**Data block**
════════════════
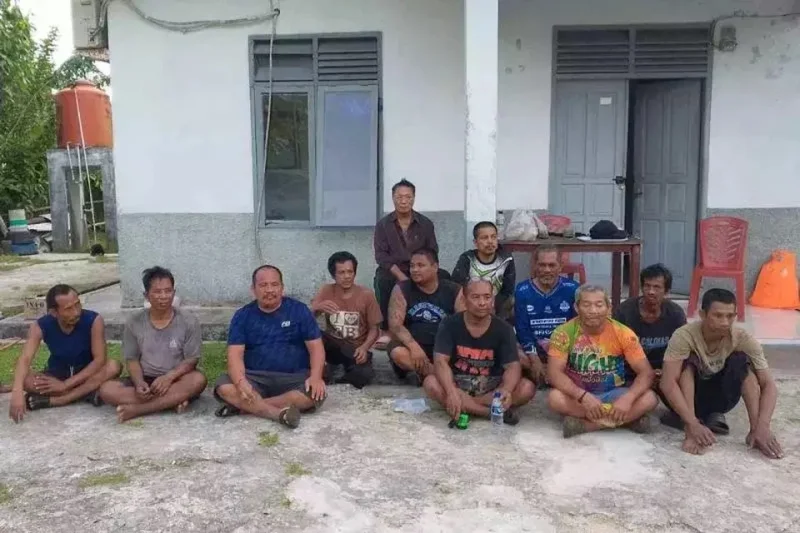 Kapal Mati Mesin, 13 ABK Thailand Terdampar di Pulau Simeulue Aceh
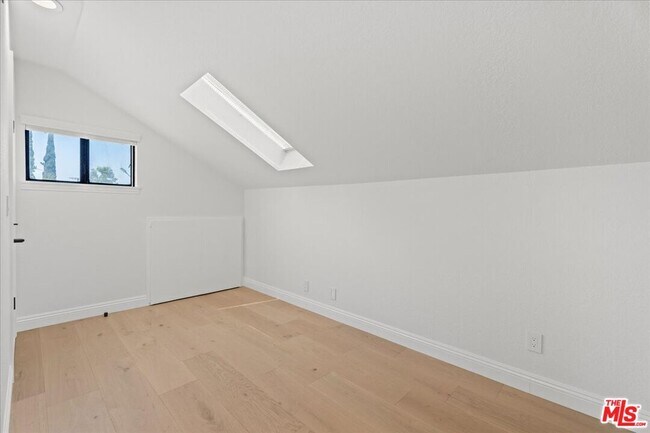 Building Photo - 6443 Matilija Ave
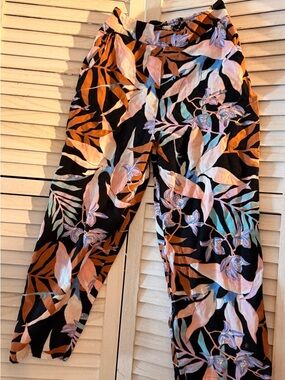 Billabong womens Floral Elastic-Waist Shorts - Black, Pink & Blue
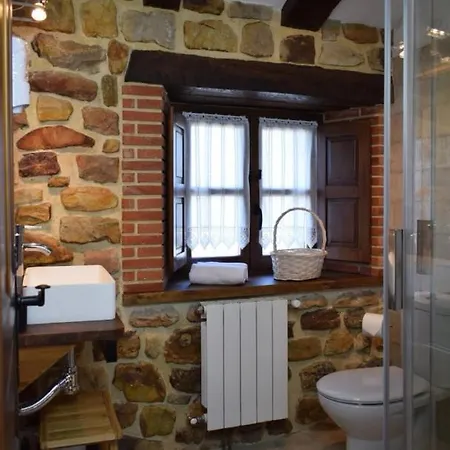 Riveros De Jeromo Alpesi faház Selaya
════════════════
Verbatim output, no pictures: the line holding "Billabong womens Floral" and all lines after it through the last line of the material, with nothing else.

 Billabong womens Floral Elastic-Waist Shorts - Black, Pink & Blue
 Riveros De Jeromo Alpesi faház Selaya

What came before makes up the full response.